And We Write- (coping with dry spells in writing)

Wow, it’s been a long time since I’ve written one of these.

Truth be told, it’s been a long time since I’ve done much dedicated writing at all.  I’m sure I’m not the only one who’s had a dry spell in their writing.  We live a life, and sometimes things come up while living that life that demand our time and attention.
Jobs or school, getting married or divorced, moving into a new home, or even just spending time on our other pursuits, these are all things that might take time from our writing.

So how do we cope with this?  Sure, it’s easy to say I’m going to spend 15 minutes every day writing, but sometimes things are easier said than done. Sometimes the ideas aren’t forthcoming.  Sometimes, it’s the desire to spend time actually writing when there’s other things we can do.  I get it.  I’ve been there myself.

Here’s the thing, though.  If we’re going to be writers, we have to write.  Yes, reading and researching are a part of that, but to be a writer one must practice their craft.

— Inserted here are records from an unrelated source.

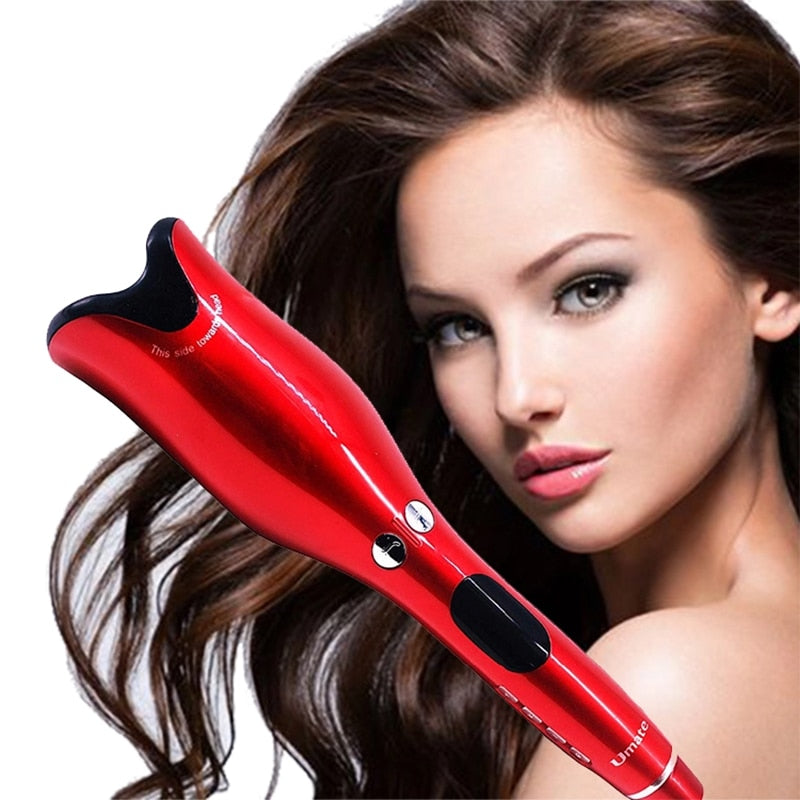 Portable Curling Iron Automatic Hair Curler Electric Ceramic Heating LCD Display Rotate Wave Styler Curling Iron Machine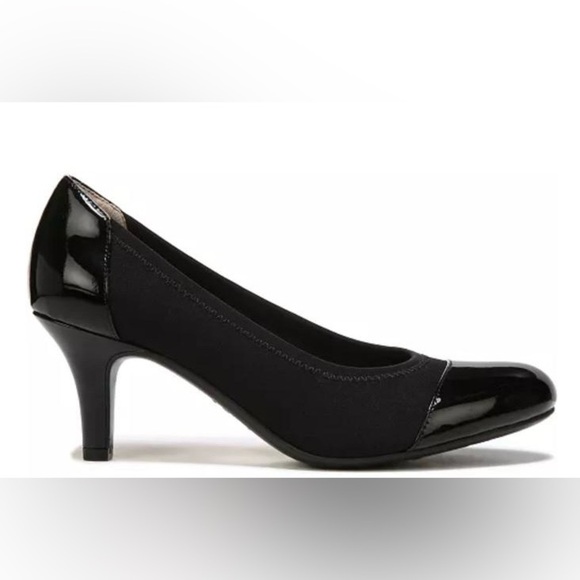 Life Stride Shoes - LifeStride Women Cap Toe Classic Pump Heels Parigi Stret Black Size 9.5m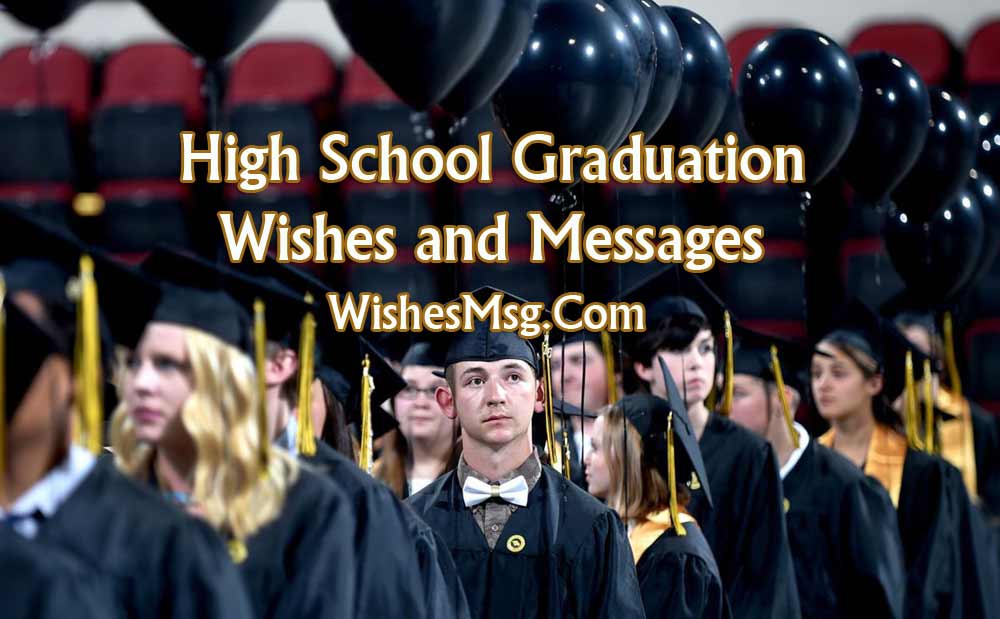 high school graduation message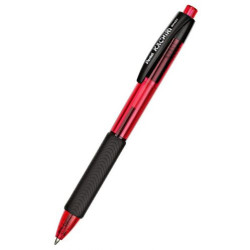Автоматична химикалка Pentel - Kachiri 457, 0.7 mm, червена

During my dry spell, even though I wasn’t actually writing much, I did a few other things.  I had life experiences that I can now draw from for stories and poems.  I spent time thinking about various things I’d seen and heard, and how parts of those things could be woven into stories.  I spent time thinking about the stories I’ve started, or new ones I want to do.  I also spent time not even thinking about writing.  I think that was my greatest gift.  I was able to walk away for a time.  The benefit to that is when I came back to my writing desk, I could approach things from a fresh perspective.  A new light was showing some interesting things I’d not thought of, and I’m anxious to look at closer.  I’m ready to write again.

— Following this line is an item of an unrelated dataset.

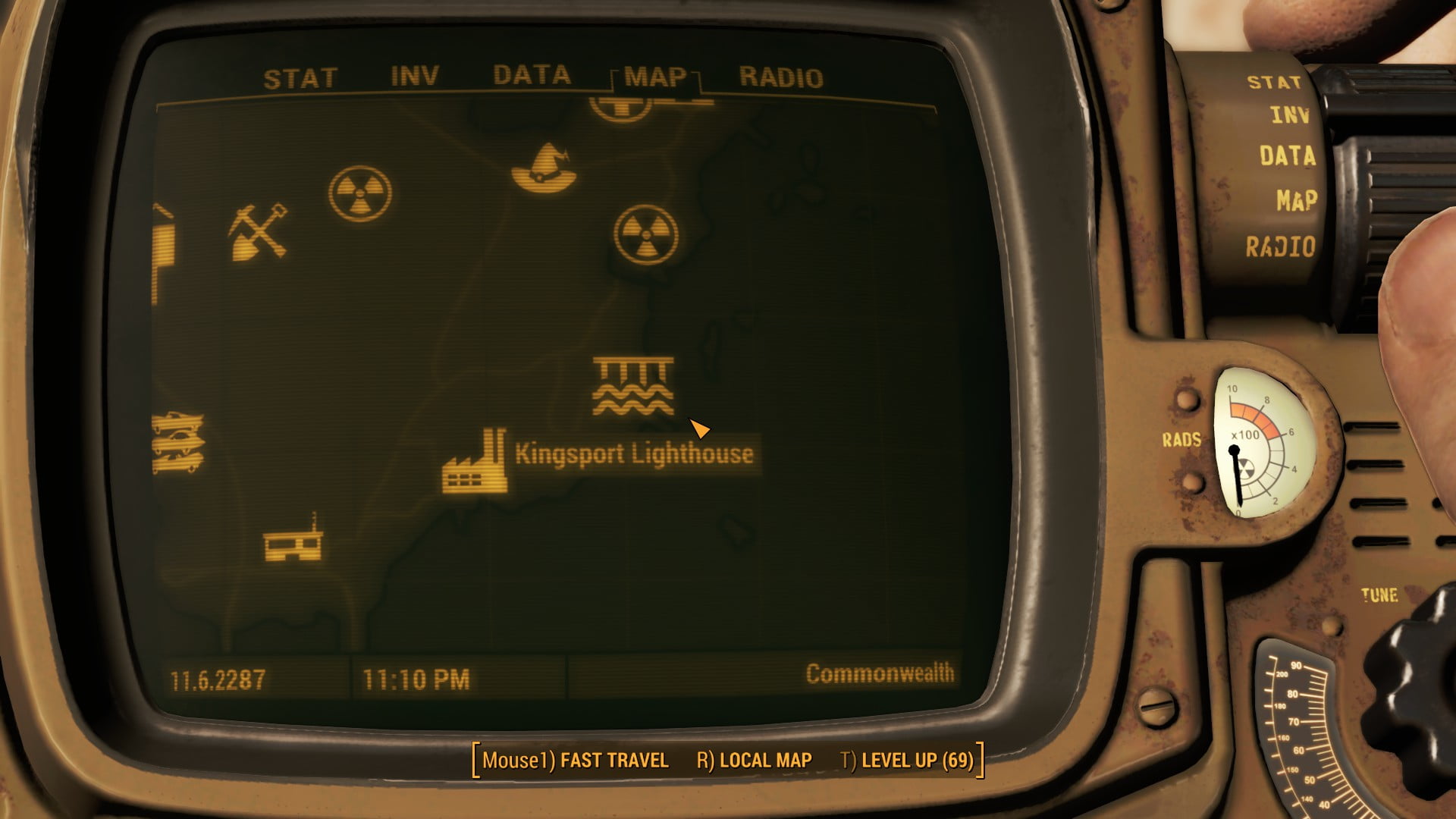 Fallout 4 Kingsport Lighthouse Location Map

So, how about you?  How do you cope with dry spells in your writing?  Enquiring minds want to know.

 


Author Notes

6 Comments for “And We Write- (coping with dry spells in writing)”

Doug Langille

says:

It’s funny, you know? We say we are all writers and want to write– need to, even. But we all get in a funk from time to time and don’t do the one thing that makes us happy. It’s a weird self-defeating spiral, isn’t it?

When I feel I haven’t written enough lately, I rely on a little ritual. I draw a bath, soak in it and write madly on my phone, responding to a writing prompt. That’s usually enough to give my arse a kick.

Claudine S

says:

Sometimes my dry spell comes when I am stuck on a certain theme. Then I stop writing and do other things that always lead me back to a new theme.

says:

Sometimes, life just gets in the way, ya know? You bring up a good point about thinking about writing, what you can improve on in pieces you have started and new pieces you want to write. There will be times we simply can’t write for awhile, but thinking about it is kind of like doing research for the future. I just know, you can’t ever look at yourself as a failure because you have a dry spell. Writing will ALWAYS be there for us when the dry spell is over. Don’t let a dry spell cause you to give up.

Becky

Dave Allen

says:

I’m in the same boat, Tim. Been too long since I’ve written anything. But sometimes we need to refresh our batteries, pick up our heads and look around us for inspiration. If all we did was write, our writing would get awfully boring, quickly.

charles stone

says:

Hey, King of Romance. Yep, life experiences are the best writing prompts.
And it is good to get away from writing. We spend too much time inside our heads and neglect the world around us. When I hit a dry spell, I take it as the Universe telling me to get out of your head and live life; the writing will be there when you come back.
Well, King of Romance, the season of love is upon us; Spring. You better get to writing.